Heading up out of Santiago Oaks Regional Park on the Oak Trail, enjoying a warm January afternoon: no shoes, no shirt, no service required, just a nice winding uphill.
Howdy, hikers!

Such a fine day: seems like the tunnels of oak shadow through new green growth are a nature play magnet for not-just-me.
On a brilliant day, clouds only make the blue more intense.

I am going out on a cloudy memory limb and calling this formation over Old Saddleback “lenticular.” Many years ago I took remember a professor telling us students in his geology class that anyone who brought him a photo of lenticular clouds taken that semester would get an automatic “A.” Here you go, Prof. Unremembered Name . . .
In amongst the non-native grasses, tucked in and around the native shrubs, the wildflowers are beginning to appear:
Santiago Creek has a bit of refreshingly chilly water right now; after big winter storms this placid trickle rages dangerously, and there’s no getting across for days or weeks. That’s weather we haven’t had for years and years.

The best part about trail running barefoot at Santiago Oaks . . . crossing Santiago Creek to begin and end the adventure.
On my recent run, I discovered newly dug trail “improvements” that are not that at all if you’re a slow moving biped or quadriped.

It’s a bit disheartening to see all the trail “enhancing” going on at Santiago Oaks . . . berming the curves like this does not seem like the work of equestrians or hikers, who fear the high speeds this kind of trail work encourages in the wheeled community . . .
Meanwhile, back in the city . . .

Here’s a wild hyacinth happily ringing its blue-purple bells in my back yard. Planting native plants at home in suburbia allows me to “wander” happily even on days when I can’t make it to the trails outside town.
Howard McMinn manzanita, you are one handsome plant!

Back-yard manzanita: after killing a few of these, I have found the “secret” — plant on a mound with decomposed granite added, and sprinkle the leaves without soaking the soil every so often on a summer’s morning.

The smooth red bark and delicate branch patterns make manzanita fabulous year ’round, even after the delicate bell-blooms fade.

Lupine love! These things re-seed so readily, I’ve been pulling them out by the handfuls to make room for some of the other (smaller) wild flowers.
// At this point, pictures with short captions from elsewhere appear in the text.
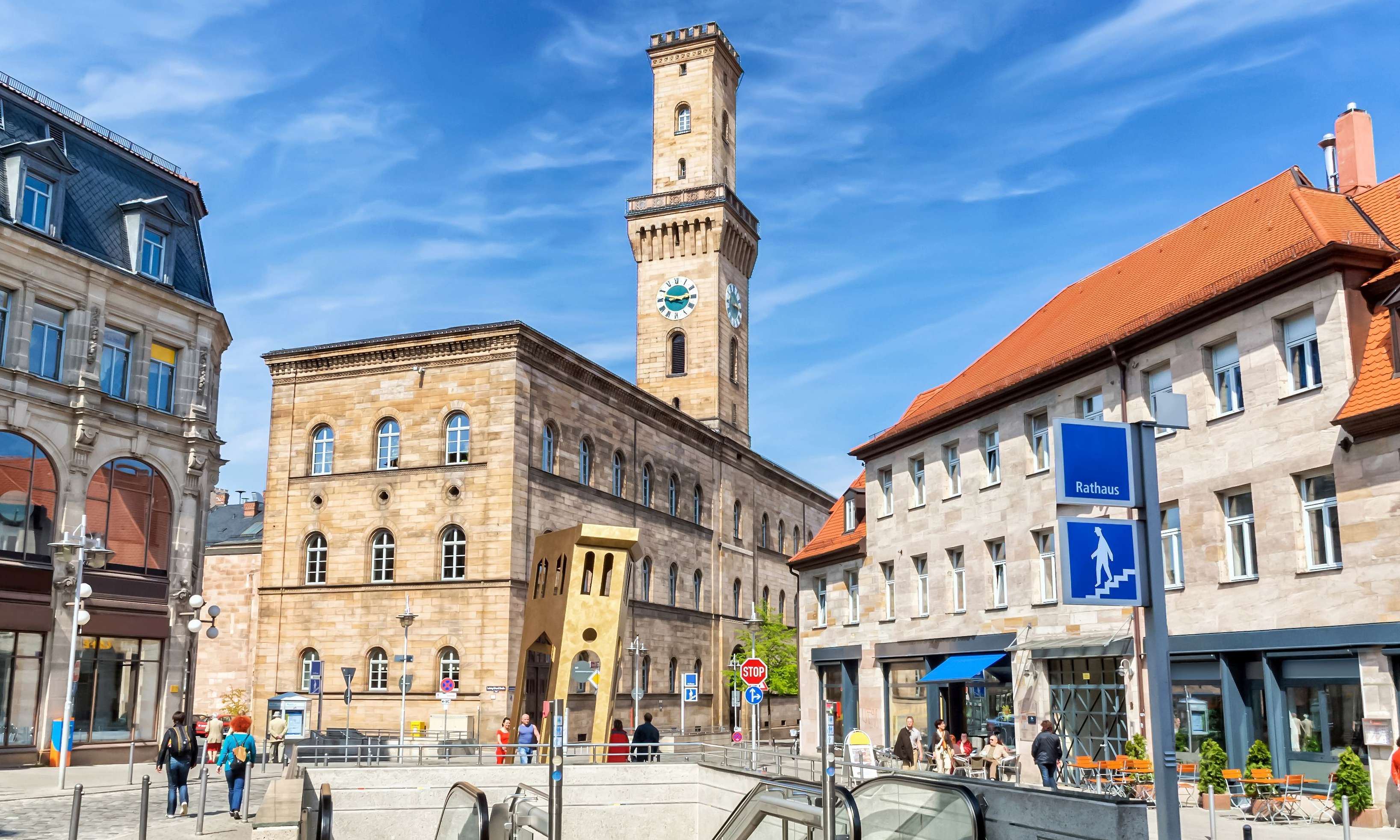 Blick auf den Rathausplatz in Fürth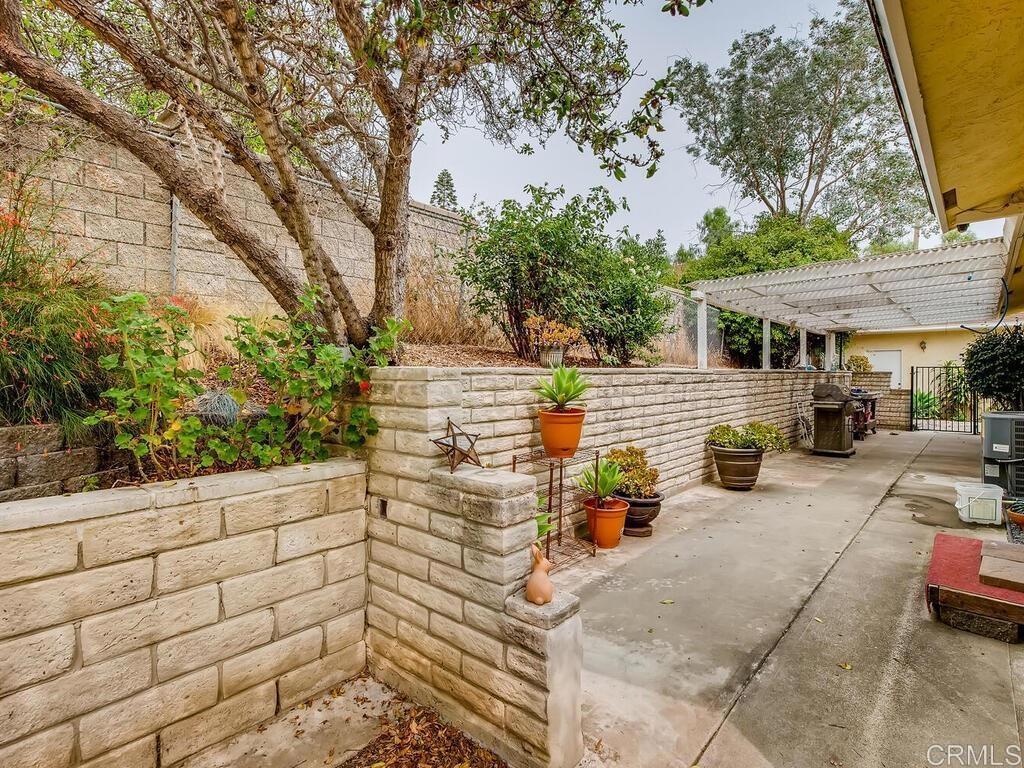 225 Poinsettia Avenue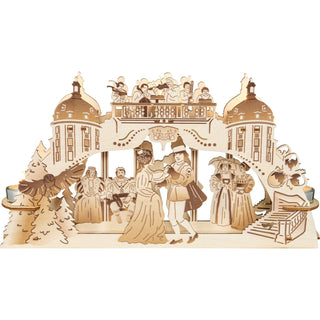 Der Kerzenhalter aus Holz ist für 5 Teelichter bringt mit den schattierten Akzenten das Märchen vom Aschenbrödel detailgetreu wieder. Kleine Filmausschnitte mit dem Prinzenpaar, der Stieffamilie, der Eule, dem Schloss und dem Königspaar sind bildlich festgehalten. Hier ist der naturfarbige Bogen mit leuchtenten Kerzen dargestellt.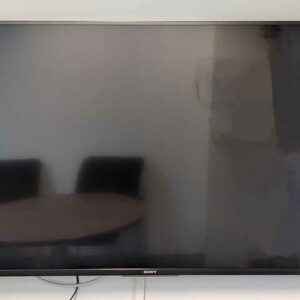 Moniteur 49 pouces de marque SONY modèle FW-49BZ35F vendu avec attache murale. Localisation : 2 est (2230)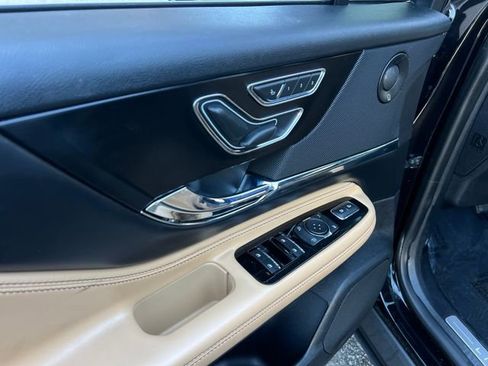 Used 2020 Lincoln Corsair Reserve image 11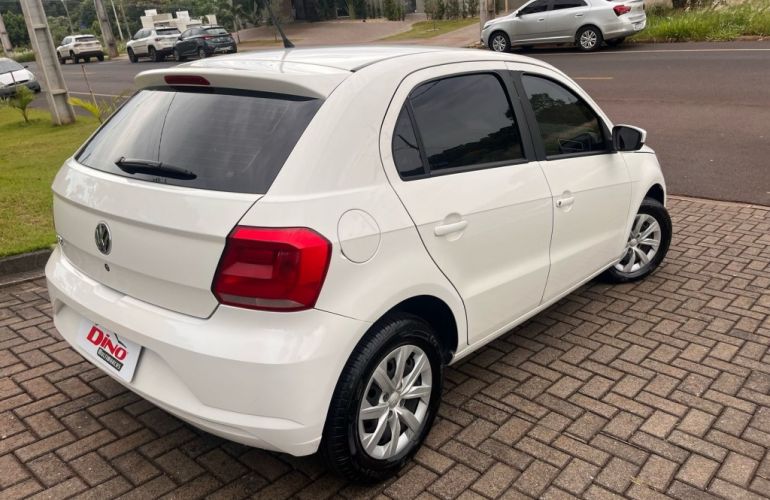 Volkswagen Gol 1.0 MPI (Flex) - Foto #3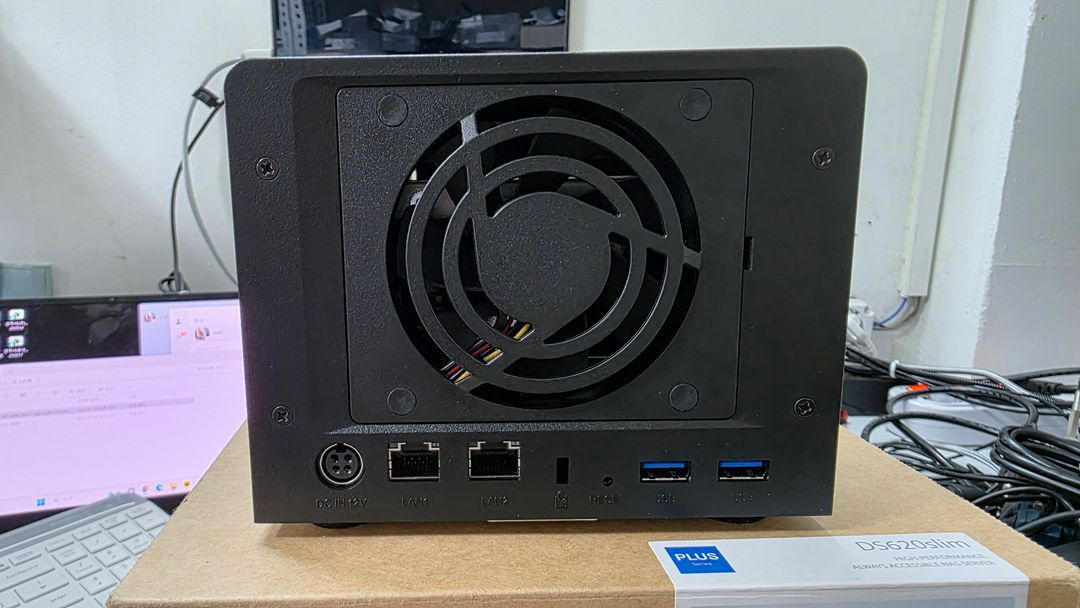 시놀로지 DS620slim NAS 중고 풀박스(거의 새제품) 이미지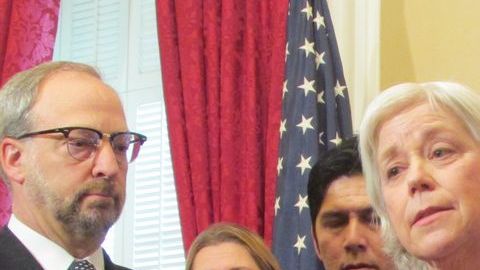 Amanda Wilcox madre de una joven asesinada aboga por el Acta de la Vida, un paquete legislativo para prevenir la violencia por armas en California.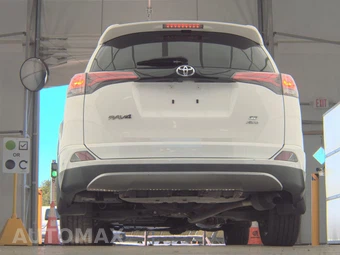 2018 Toyota RAV4 SE – miniatura 7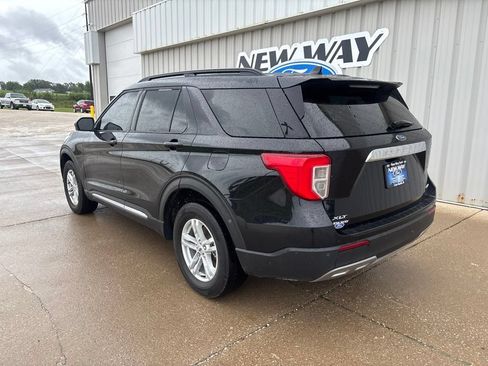 Used 2024 Ford Explorer XLT w/ Equipment Group 202A AWD/4WD image 7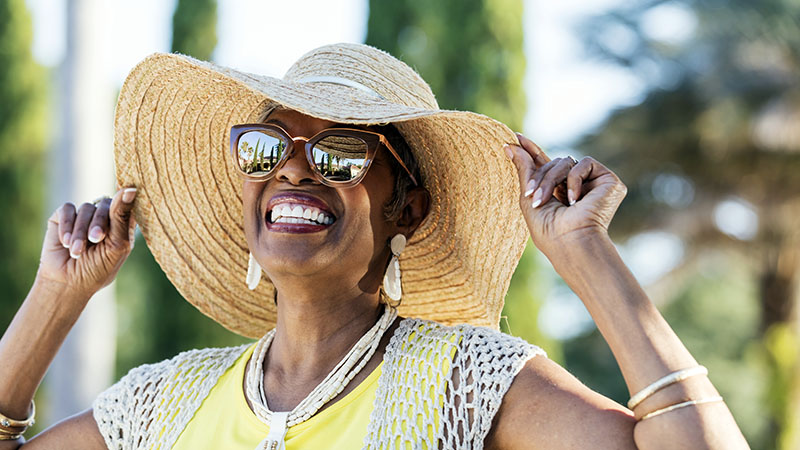 A Wide-brimmed Hat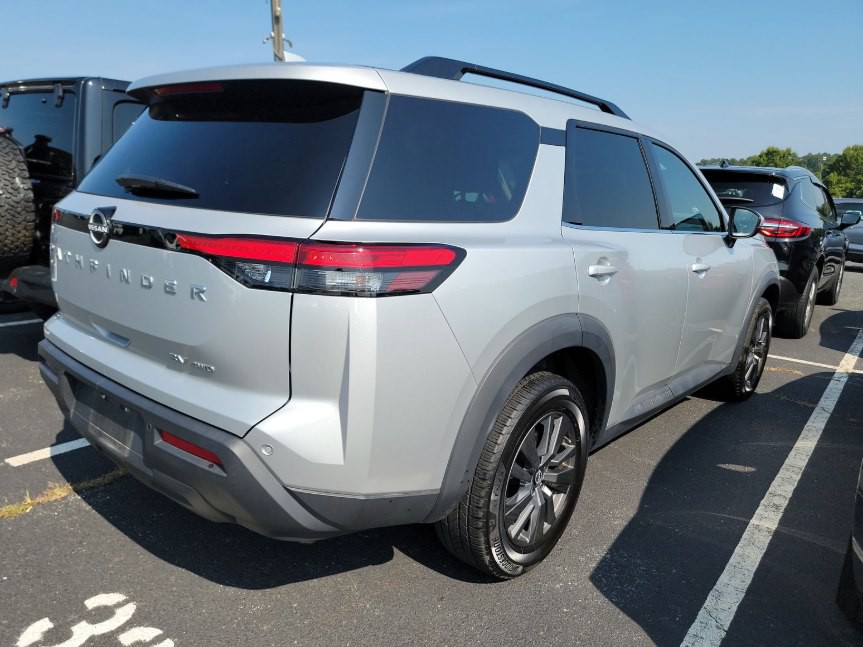 2022 Nissan Pathfinder Image 2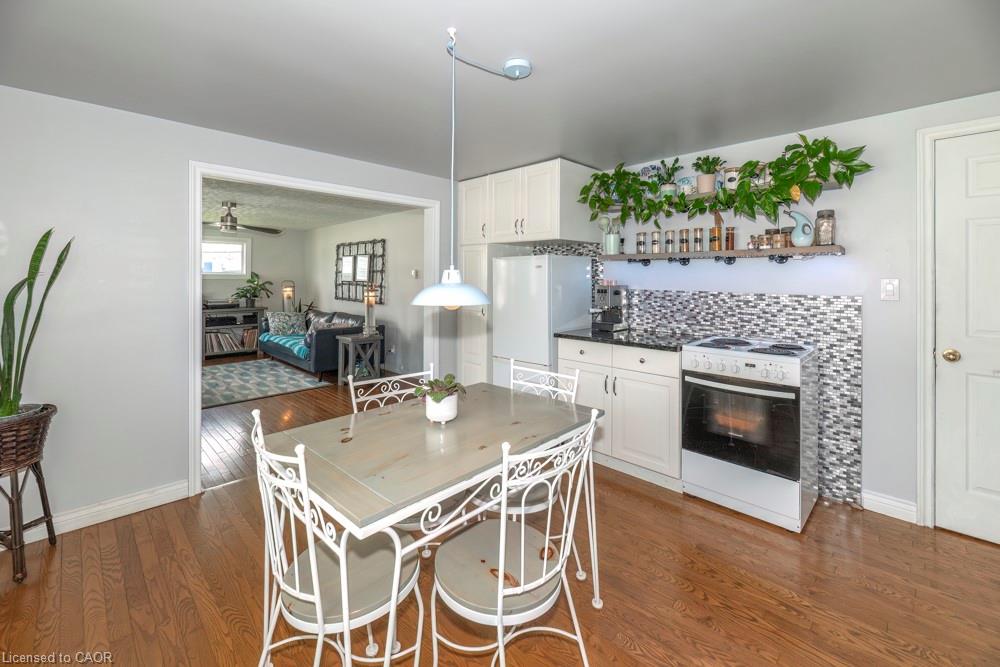 111 Elizabeth Street W Property Photo 6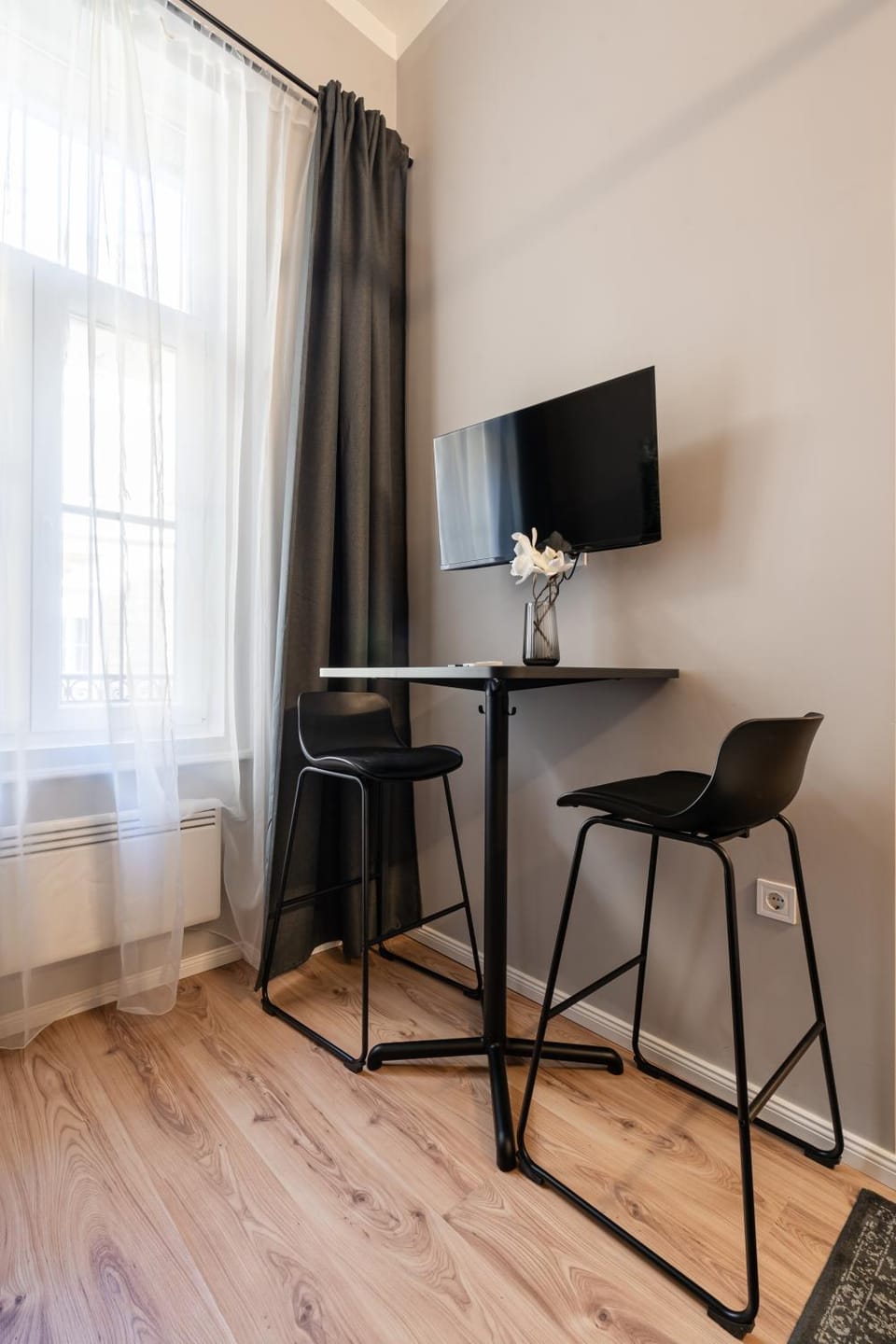 TV and multimedia, Seating area, Dining area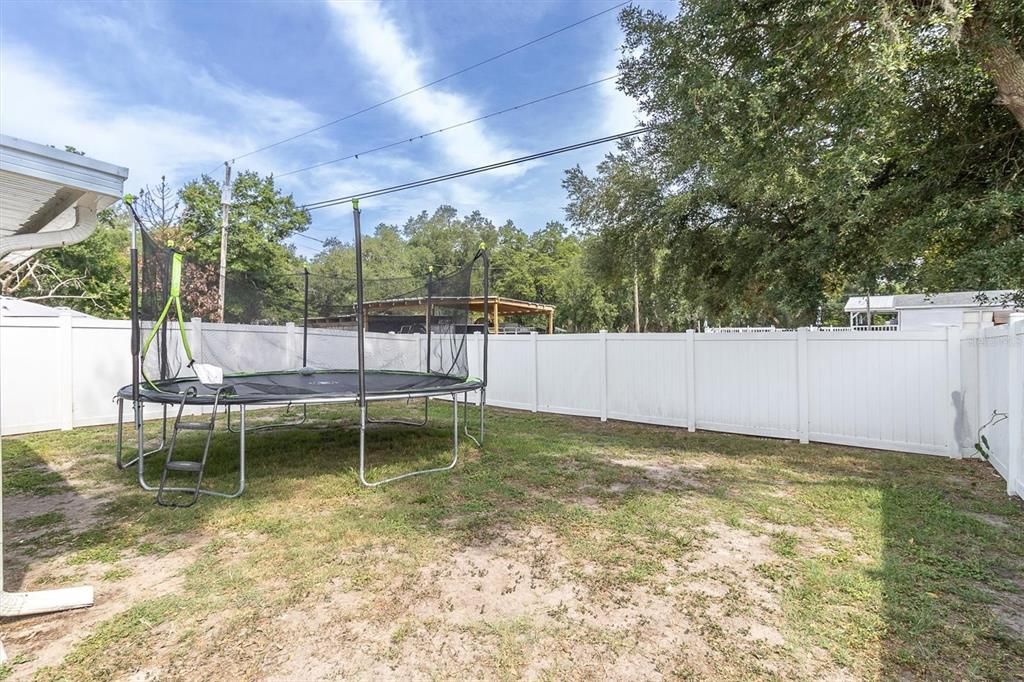 En Venta: $299,900 (3 camas, 2 baños, 1064 Pies cuadrados)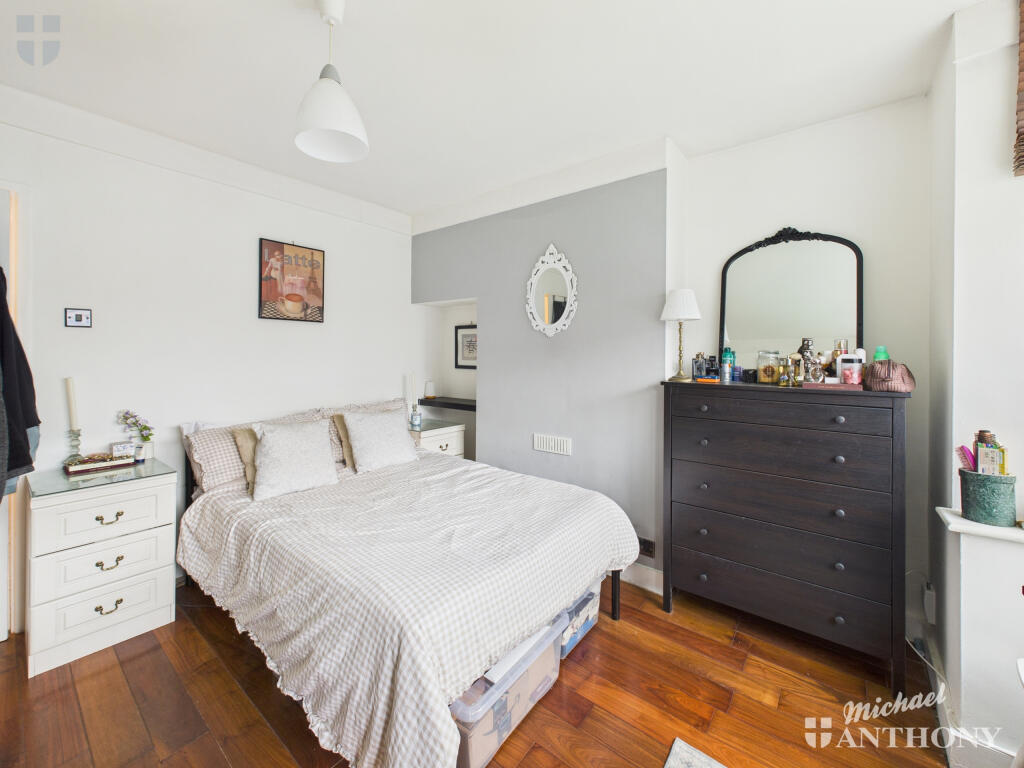 CAM03852G0-PR0501-STILL010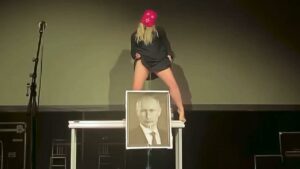 Las Pussy Riot orinan sobre un retrato de Putin en su último vídeo contra la guerra de Ucrania.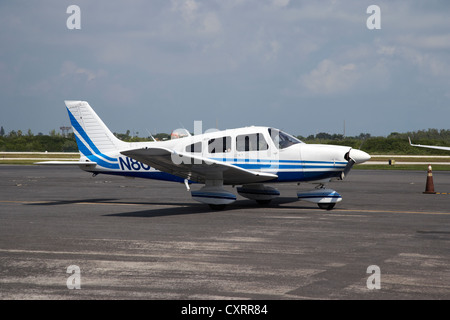 Les petits avions privés monomoteurs taxis à l'aéroport international de Key West, Florida Keys usa Banque D'Images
Not the highest quality photo . . . it was taken through my kitchen window this morning as a flock of smooth-yet-flashy cedar waxwings descended upon this year’s bounty crop of native toyon berries.

Just a few feet from my back door . . . having a back yard fountain does wonders for attracting both resident and migrating birds (these cedar waxwings are just passin’ through).

Here they are doing their “restless roost” thing in the unleaved desert willow . . . cedar waxwings, always on the run . . . from . . .

. . . . neighborhood cannibals like this Cooper’s hawk who zoomed over to see what all the ruckus was about. The waxwings wisely got the heck out of Dodge. It’s a bird-eat-bird world, even in the city.

Besides being a fabulous time to trail run on sunny trails through green hills and fields of wild flowers, January in Southern California is citrus season. I raise a toast of tangerine juice . . . here’s to living in this amazing place (that is unsurprisingly jam-packed with millions of others who have discovered the charms of year-round sunshine, for better or worse).
Welcome February . . . what kind of wildflowers await?